### WHAT YOU ARE ASKED TO DO
Transcribe the full listing below, word for word, without pictures.

### DATASET EXCERPT
┌──
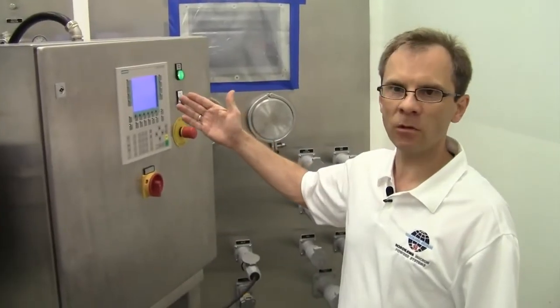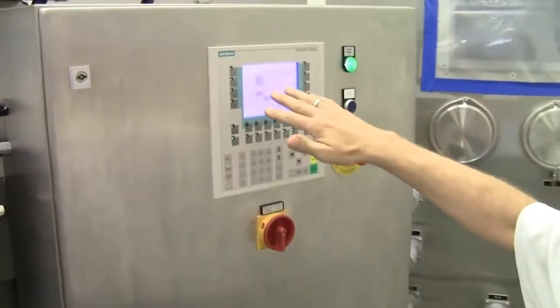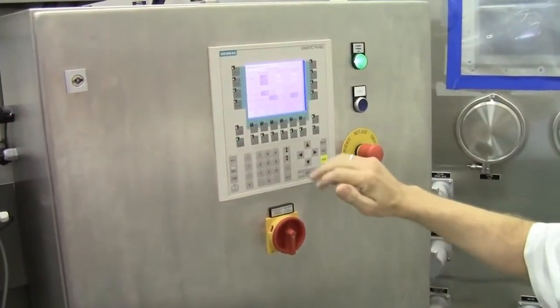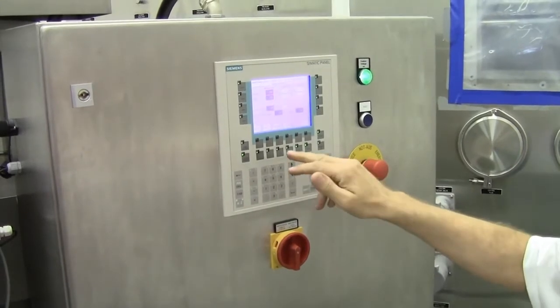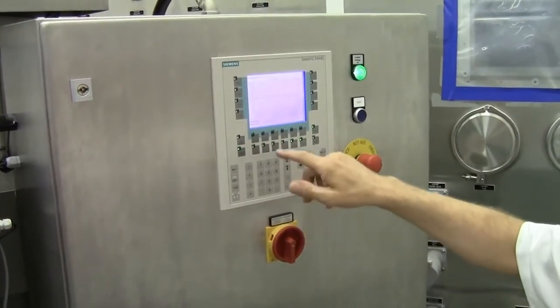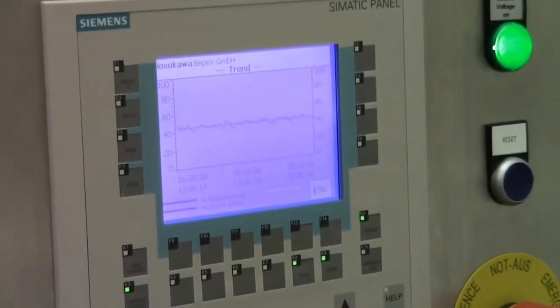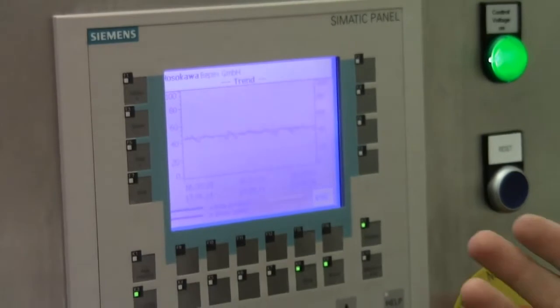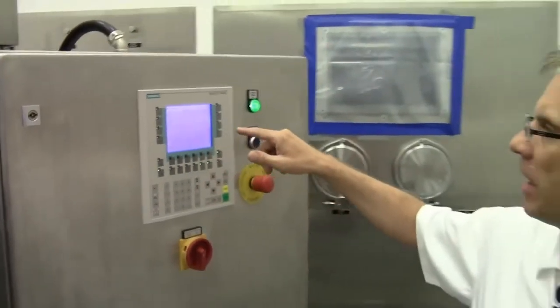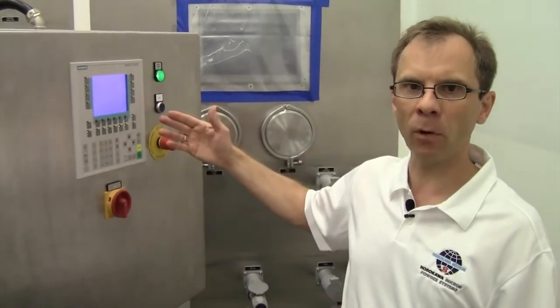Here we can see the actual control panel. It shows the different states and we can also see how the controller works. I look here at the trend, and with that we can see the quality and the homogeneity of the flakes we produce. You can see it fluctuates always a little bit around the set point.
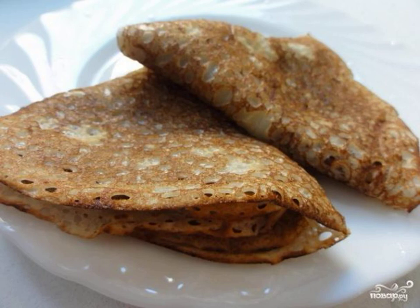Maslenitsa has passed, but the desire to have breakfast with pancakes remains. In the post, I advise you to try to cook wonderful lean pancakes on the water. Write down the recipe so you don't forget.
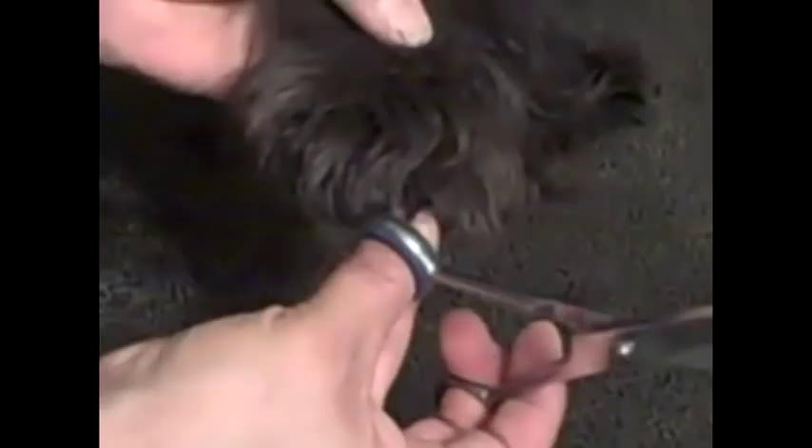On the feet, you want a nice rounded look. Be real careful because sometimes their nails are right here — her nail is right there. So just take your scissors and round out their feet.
└──
### RESPONSE TO THE TASK
Here we can see the actual control panel. It shows the different states and we can also see how the controller works. I look here at the trend, and with that we can see the quality and the homogeneity of the flakes we produce. You can see it fluctuates always a little bit around the set point.
Maslenitsa has passed, but the desire to have breakfast with pancakes remains. In the post, I advise you to try to cook wonderful lean pancakes on the water. Write down the recipe so you don't forget.
On the feet, you want a nice rounded look. Be real careful because sometimes their nails are right here — her nail is right there. So just take your scissors and round out their feet.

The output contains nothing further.